Clima: la saggezza del rospo



Gl'anderà anche bene, disse i' rospo, ma il contadin gl'affila i'palo. (antico detto fiorentino)

sabato 27 febbraio 2010

Stiamo perdendo la saggezza.

"La scienza del clima è un imbroglio!"
"Stai ignorando la gravità della nostra situazione!"
"La gravità è un imbroglio!"


Un ondata di follia sembra stia travolgendo ogni tentativo di comunicare in termini non basati su slogan e insulti. Abbiamo perso la saggezza, sembrerebbe. Cosa sta succedendo?


Vi passo qui di seguito un post di Jim Lippard che segue una linea abbastanza simile a quella del mio post recente "L'Internet è una foresta incantata" dove ragionavo sulla difficoltà di distinguere fra informazione "buona" e "cattiva" su Internet.

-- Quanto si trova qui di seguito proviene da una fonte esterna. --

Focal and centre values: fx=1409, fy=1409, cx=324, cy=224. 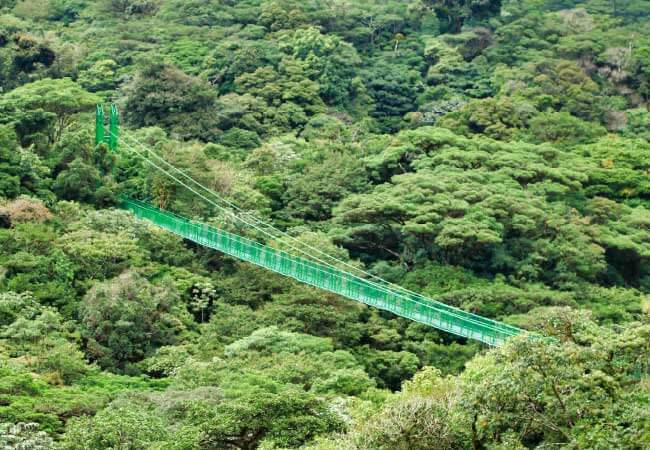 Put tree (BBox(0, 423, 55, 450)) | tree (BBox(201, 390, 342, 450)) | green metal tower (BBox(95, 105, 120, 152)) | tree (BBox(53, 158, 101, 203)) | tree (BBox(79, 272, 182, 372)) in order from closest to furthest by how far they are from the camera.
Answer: tree (BBox(201, 390, 342, 450))
tree (BBox(0, 423, 55, 450))
tree (BBox(79, 272, 182, 372))
tree (BBox(53, 158, 101, 203))
green metal tower (BBox(95, 105, 120, 152))

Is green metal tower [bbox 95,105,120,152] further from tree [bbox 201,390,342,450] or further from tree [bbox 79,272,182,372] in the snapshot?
tree [bbox 201,390,342,450]

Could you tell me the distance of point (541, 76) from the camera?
3975 centimetres

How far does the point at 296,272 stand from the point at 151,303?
106 inches

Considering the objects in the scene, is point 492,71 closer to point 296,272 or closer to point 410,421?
point 296,272

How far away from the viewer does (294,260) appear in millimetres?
25422

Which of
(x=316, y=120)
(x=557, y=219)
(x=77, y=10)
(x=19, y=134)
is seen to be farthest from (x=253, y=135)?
(x=77, y=10)

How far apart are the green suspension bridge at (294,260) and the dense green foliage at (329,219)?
1.28 ft

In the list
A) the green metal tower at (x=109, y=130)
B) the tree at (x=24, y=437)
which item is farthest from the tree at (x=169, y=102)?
the tree at (x=24, y=437)

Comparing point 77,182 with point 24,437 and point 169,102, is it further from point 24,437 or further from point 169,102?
point 24,437

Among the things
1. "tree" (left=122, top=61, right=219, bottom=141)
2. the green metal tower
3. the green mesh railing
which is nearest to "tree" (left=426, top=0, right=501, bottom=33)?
"tree" (left=122, top=61, right=219, bottom=141)

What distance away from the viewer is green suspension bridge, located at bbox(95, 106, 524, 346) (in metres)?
23.8

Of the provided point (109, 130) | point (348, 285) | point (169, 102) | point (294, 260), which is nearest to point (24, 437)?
point (348, 285)

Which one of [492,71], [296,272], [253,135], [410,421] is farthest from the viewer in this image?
[492,71]

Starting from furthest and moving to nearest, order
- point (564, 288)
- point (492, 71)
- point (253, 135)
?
1. point (492, 71)
2. point (253, 135)
3. point (564, 288)
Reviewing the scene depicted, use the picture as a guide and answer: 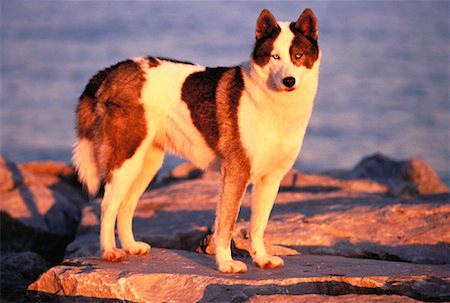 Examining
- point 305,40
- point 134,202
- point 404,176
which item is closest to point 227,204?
point 134,202

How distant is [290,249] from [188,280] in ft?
5.38

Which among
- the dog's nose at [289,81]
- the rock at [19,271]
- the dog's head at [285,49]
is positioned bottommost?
the rock at [19,271]

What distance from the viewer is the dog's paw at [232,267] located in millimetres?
6453

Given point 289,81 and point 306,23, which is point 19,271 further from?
point 306,23

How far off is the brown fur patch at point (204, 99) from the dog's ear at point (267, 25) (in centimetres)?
59

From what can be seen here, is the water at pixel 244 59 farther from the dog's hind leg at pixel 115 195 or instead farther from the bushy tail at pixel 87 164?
the dog's hind leg at pixel 115 195

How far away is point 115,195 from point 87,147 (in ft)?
2.01

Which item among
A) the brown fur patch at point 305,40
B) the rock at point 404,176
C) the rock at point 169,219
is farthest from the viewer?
the rock at point 404,176

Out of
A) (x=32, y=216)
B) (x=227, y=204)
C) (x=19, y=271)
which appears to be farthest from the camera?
(x=32, y=216)

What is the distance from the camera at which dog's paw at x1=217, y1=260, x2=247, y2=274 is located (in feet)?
21.2

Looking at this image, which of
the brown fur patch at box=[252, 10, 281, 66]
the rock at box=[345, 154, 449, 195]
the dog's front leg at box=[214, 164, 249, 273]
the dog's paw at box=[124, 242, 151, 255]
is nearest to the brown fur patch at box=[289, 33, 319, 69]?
the brown fur patch at box=[252, 10, 281, 66]

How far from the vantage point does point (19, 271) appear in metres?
8.15

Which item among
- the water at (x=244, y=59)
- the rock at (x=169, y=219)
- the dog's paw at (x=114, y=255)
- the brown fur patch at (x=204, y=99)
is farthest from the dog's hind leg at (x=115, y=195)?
the water at (x=244, y=59)

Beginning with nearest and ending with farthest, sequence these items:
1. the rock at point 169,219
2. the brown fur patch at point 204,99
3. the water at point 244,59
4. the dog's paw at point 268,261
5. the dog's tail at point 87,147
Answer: the dog's paw at point 268,261 < the brown fur patch at point 204,99 < the dog's tail at point 87,147 < the rock at point 169,219 < the water at point 244,59
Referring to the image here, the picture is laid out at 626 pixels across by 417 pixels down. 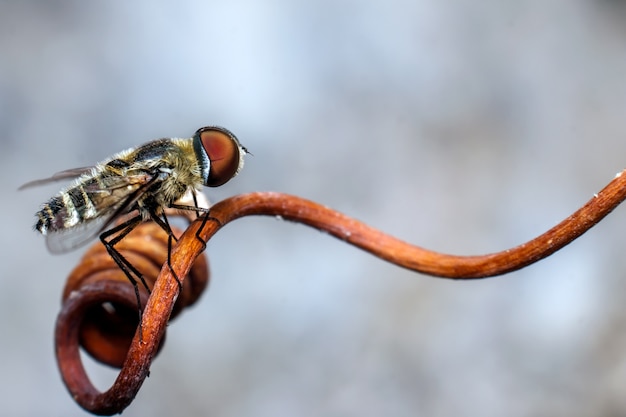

C'è molta discussione sul web su questo argomento. Secondo alcuni, l'abbassamento del costo dell'informazione sul web ci sta portando più danni che vantaggi. Nel post di Lippard trovate una discussione molto interessante quando cita Yaron Ezrahi. Questo pezzetto che vi traduco è forse un po' pesantino, ma se avete cinque minuti potete provare a leggerlo (grassetto mio):

La sintesi post-illuministica della conoscenza scientifica e politica nelle società democratiche è in declino sulla base di una transizione del discorso pubblico in bocconcini facilmente consumabili di informazione presentata in modo vivido che Ezrahi chiama "fuoriformazione" ("outformation"). Mentre, prima dell'illuminismo, l'autorità aveva più che altro una base religiosa e l'ideale per la conoscenza era la "saggezza" -- che Ezrhai vede come una miscela di conoscenza "cognitiva, morale, sociale, filosofica e pratica" che è privilegiata, intoccabile e una questione di fede, l'Illuminismo portò in avanti la conoscenza scientifica sistematizzata. Questa conoscenza era formale, obbiettiva, universale, impersonale e insegnabile - con un certo sforzo. Quando questo sapere scientifico diventa utilizzabile per un pubblico più vasto, viene spogliato dei suoi strati teoretici, formali, logici e matematici e diventa una "conoscenza pensata", ovvero una conoscenza che dipende dal contesto e dal luogo. Infine, quando l'informazione viene ulteriormente allontanata dal suo contesto e progetto di uso per uno scopo particolare, eppure viene incrememntata con rappresentazioni "ricche e frequentemente intense" che includono "esperienze cognitive, estetiche, emozionali e di altre dimensioni. A questo punto diventa "fuoriformazione".


Questa "fuoriformazione" secondo Ezrahi, ti porta a dare peso a realtà soggettive che vengono però trattate come legittime e autorevoli. Il risultato finale sono "azioni politiche a basso costo" basate su queste realtà soggettive.

Se siete arrivati fino a qui, credo che avete colto come il ragionamento di Ezrahi descrive esattamente cosa sta succedendo nel dibattito sul riscaldamento globale. Lo spezzettamento dell'informazione ci sta facendo perdere di vista la realtà vera, sommersa dalle "realtà soggettive" che ne stanno prendendo il posto della realtà vera.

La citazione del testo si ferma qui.